All in all, I enjoy a diverse research portfolio, even if it makes me "a jack of all trades, a master of none" (and is likely not the best way to quickly achieve upper echelons in your chosen subfield). As doing theory costs much less than experiment, it is much easier to change fields or research directions -- you don't have to raise lots of funds to do the transition, which is a major perk (I wrote previously about the relative benefits of doing experiment vs theory.)
This brings me to the second purpose of this post: to start a carnival of sorts, with people who do theory/computation in the sciences contributing with a post on what their experiences in their daily work are.
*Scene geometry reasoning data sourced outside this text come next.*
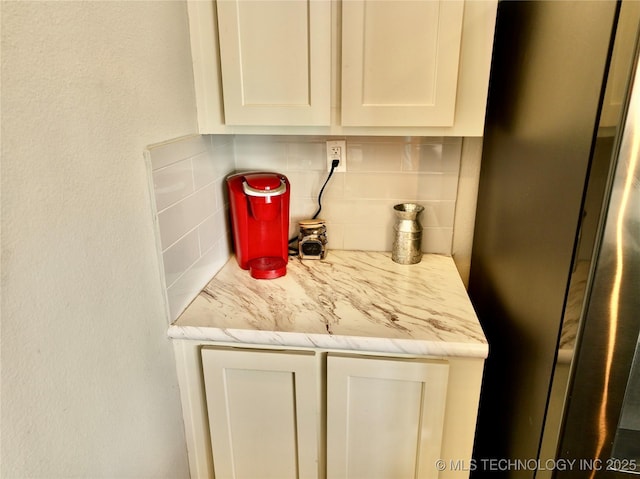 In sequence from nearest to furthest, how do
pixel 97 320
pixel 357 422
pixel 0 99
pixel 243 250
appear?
1. pixel 0 99
2. pixel 97 320
3. pixel 357 422
4. pixel 243 250

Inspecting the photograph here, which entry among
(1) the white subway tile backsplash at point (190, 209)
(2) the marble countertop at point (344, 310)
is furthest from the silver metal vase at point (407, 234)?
(1) the white subway tile backsplash at point (190, 209)

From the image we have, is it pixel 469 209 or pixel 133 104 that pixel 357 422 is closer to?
pixel 469 209

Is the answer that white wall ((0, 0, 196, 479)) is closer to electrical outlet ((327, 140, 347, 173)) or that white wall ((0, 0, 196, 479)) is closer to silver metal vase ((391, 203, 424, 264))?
electrical outlet ((327, 140, 347, 173))

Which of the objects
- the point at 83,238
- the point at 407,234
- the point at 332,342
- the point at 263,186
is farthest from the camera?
the point at 407,234

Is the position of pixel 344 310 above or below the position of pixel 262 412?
above

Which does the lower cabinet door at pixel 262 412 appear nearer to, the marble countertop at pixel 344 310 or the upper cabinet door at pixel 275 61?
the marble countertop at pixel 344 310

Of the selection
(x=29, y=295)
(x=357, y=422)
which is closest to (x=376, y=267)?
(x=357, y=422)

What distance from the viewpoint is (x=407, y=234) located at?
153 centimetres

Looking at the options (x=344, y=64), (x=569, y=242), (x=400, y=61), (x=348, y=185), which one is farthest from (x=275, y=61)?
(x=569, y=242)

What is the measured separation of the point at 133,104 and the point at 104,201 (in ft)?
0.75

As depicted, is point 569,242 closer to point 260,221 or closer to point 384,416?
point 384,416

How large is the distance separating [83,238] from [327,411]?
755 millimetres

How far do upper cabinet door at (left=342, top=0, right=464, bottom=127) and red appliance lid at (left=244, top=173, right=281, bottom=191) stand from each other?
306 mm

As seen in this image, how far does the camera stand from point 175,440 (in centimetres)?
122
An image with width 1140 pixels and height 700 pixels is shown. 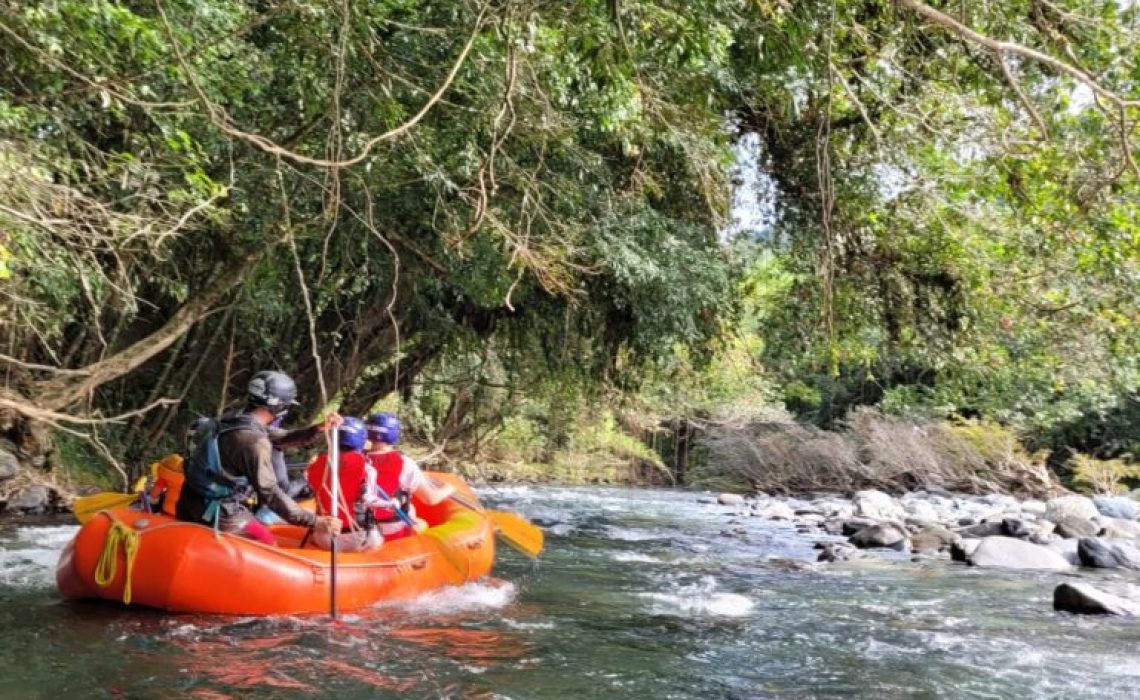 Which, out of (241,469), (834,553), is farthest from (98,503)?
(834,553)

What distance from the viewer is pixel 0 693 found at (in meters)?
3.81

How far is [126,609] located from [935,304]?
8.79m

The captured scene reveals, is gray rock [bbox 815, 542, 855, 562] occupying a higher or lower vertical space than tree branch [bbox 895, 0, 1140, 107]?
lower

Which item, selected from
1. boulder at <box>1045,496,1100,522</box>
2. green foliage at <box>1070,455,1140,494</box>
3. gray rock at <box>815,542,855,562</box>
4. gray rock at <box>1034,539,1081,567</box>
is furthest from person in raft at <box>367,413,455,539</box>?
green foliage at <box>1070,455,1140,494</box>

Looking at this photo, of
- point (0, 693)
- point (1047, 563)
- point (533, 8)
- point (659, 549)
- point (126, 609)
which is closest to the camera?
point (533, 8)

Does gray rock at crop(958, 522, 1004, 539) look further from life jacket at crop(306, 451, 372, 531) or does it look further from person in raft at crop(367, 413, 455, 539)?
life jacket at crop(306, 451, 372, 531)

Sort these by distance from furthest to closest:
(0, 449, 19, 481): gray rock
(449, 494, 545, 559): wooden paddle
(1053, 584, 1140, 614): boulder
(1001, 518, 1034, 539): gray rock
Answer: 1. (1001, 518, 1034, 539): gray rock
2. (0, 449, 19, 481): gray rock
3. (449, 494, 545, 559): wooden paddle
4. (1053, 584, 1140, 614): boulder

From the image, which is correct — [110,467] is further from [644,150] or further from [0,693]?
[0,693]

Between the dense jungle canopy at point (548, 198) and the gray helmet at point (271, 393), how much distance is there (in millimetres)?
390

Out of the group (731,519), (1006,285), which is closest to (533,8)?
(1006,285)

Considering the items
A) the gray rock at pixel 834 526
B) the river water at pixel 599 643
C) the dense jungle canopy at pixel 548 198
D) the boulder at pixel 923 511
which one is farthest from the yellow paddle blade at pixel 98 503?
A: the boulder at pixel 923 511

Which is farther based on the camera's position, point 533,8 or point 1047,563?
point 1047,563

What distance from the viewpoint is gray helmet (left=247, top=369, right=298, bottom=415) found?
5590mm

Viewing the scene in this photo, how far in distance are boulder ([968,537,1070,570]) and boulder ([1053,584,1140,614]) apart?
2.32m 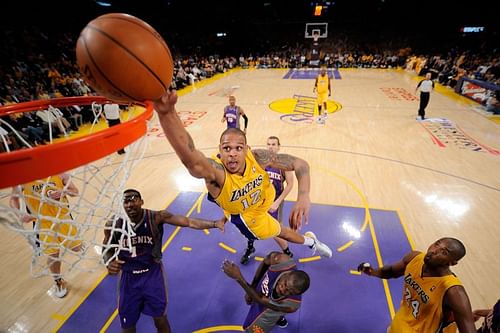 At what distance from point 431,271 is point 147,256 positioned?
239 centimetres

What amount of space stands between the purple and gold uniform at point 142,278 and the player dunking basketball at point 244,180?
734 millimetres

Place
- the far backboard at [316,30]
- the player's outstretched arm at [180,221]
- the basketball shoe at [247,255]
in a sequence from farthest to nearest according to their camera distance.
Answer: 1. the far backboard at [316,30]
2. the basketball shoe at [247,255]
3. the player's outstretched arm at [180,221]

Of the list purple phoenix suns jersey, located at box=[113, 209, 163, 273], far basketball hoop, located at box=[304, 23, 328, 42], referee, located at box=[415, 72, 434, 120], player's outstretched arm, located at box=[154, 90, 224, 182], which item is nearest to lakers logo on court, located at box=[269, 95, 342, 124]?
referee, located at box=[415, 72, 434, 120]

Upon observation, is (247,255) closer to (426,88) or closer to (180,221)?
(180,221)

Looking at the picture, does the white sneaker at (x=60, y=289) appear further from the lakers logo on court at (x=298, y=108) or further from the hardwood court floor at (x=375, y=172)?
the lakers logo on court at (x=298, y=108)

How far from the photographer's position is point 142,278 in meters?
2.65

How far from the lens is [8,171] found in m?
1.23

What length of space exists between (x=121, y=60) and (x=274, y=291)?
2100 mm

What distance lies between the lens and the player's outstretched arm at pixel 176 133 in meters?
1.66

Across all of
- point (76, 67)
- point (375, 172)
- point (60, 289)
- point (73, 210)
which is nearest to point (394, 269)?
point (73, 210)

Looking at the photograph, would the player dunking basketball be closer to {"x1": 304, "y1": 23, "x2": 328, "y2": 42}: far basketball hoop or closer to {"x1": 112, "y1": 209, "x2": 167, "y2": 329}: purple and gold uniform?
{"x1": 112, "y1": 209, "x2": 167, "y2": 329}: purple and gold uniform

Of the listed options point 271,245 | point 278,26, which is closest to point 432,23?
point 278,26

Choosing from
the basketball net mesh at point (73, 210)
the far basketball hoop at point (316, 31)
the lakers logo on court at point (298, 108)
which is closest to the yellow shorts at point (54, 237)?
the basketball net mesh at point (73, 210)

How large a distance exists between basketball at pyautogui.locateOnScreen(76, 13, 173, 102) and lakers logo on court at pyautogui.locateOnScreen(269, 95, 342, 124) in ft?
29.2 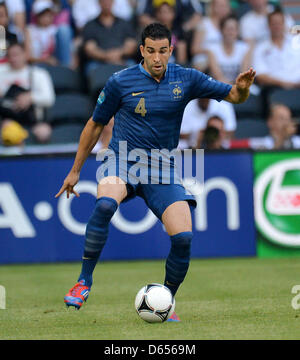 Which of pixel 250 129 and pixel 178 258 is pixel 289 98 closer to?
pixel 250 129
I have no idea how successful this call would be, but let's say within the next week or so:
If you do theoretical/computational work in the sciences, please consider writing a post that tells us a little bit about what your work entails, what you enjoy/dislike, what types of problems you tackle, what made you chose your specialization, etc. You don't have to be too specific, but you certainly can if you want. Send a link (a comment here or drop me an email) so I can aggregate the posts. Even if you don't blog, consider either writing a lengthier comment here and I will link to that as your post (please don't post as Anonymous, give yourself some nickname for the occasion) or, alternatively, email me the text and I will put it up as a guest post.
Finally, this post would not be complete without a link to the (fairly new) APS Division of Computational Physics news blog.
Happy calculations, and may all your iterations converge!
* See, for instance, this post by Massimo on why computational physics is not a special third branch of physics, but means you are a theorist who does calculations primarily on a computer.